Greene County Officials Say Steel Costs, City Skyline Among Factors In Relocating Jail

Dec 3, 2019

Bob Dixon is Greene County Presiding Commissioner.
Credit Courtesy of Greene County Commission Office

Greene County officials say they reached out to landowners and cemetery staff west of Springfield to alleviate concerns about a new jail going up in their neighborhood. 

County Commissioners filled in some more details Tuesday on plans to buy land and construct the eight story detention facility.

First, a timeline:     in November of 2017, Greene County voters approved a ½ cent sales tax to expand the jail facility.   For years, the jail has been bursting at the seams and the county has paid millions of dollars over the years to transport and house prisoners up to three hours away from Springfield.

In June of 2018, the county began demolishing buildings in the 900 block of Boonville to make way for the jail expansion there.

But County Commissioners say several things happened after that:   they learned that the proposed jail would be eight stories tall—and it wasn’t exactly ideal to have one of the most prominent buildings in central Springfield be the jail.

And Donna Barton, a spokeswoman for the county, said steel tariffs were also a factor in the cost of materials changing.
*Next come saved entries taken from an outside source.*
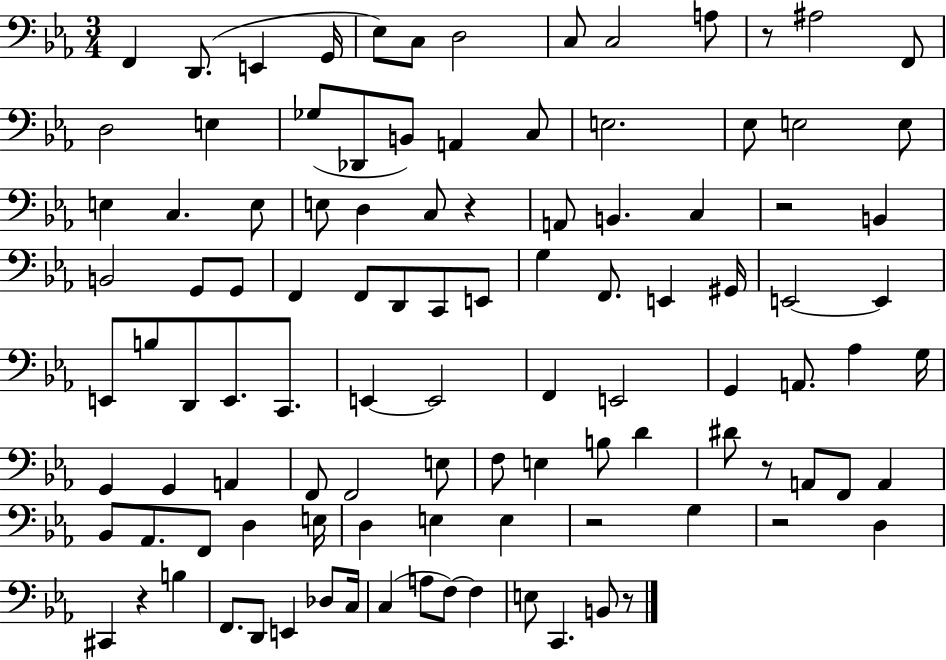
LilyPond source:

{
  \clef bass
  \numericTimeSignature
  \time 3/4
  \key ees \major
  f,4 d,8.( e,4 g,16 | ees8) c8 d2 | c8 c2 a8 | r8 ais2 f,8 | \break d2 e4 | ges8( des,8 b,8) a,4 c8 | e2. | ees8 e2 e8 | \break e4 c4. e8 | e8 d4 c8 r4 | a,8 b,4. c4 | r2 b,4 | \break b,2 g,8 g,8 | f,4 f,8 d,8 c,8 e,8 | g4 f,8. e,4 gis,16 | e,2~~ e,4 | \break e,8 b8 d,8 e,8. c,8. | e,4~~ e,2 | f,4 e,2 | g,4 a,8. aes4 g16 | \break g,4 g,4 a,4 | f,8 f,2 e8 | f8 e4 b8 d'4 | dis'8 r8 a,8 f,8 a,4 | \break bes,8 aes,8. f,8 d4 e16 | d4 e4 e4 | r2 g4 | r2 d4 | \break cis,4 r4 b4 | f,8. d,8 e,4 des8 c16 | c4( a8 f8~~) f4 | e8 c,4. b,8 r8 | \break \bar "|."
}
At the press conference Tuesday, Greene County Presiding Commissioner Bob Dixon told reporters it became apparent that a different material would be needed to keep the cost down—so the county decided to build a jail with pre-cast concrete cells.

And he defended the decision to keep the land details private until this week.

“There are few things that government can do in closed meetings, but land purchase and real estate agreements are not only allowed, but advised under State Statutes, Chapter 610,” he said.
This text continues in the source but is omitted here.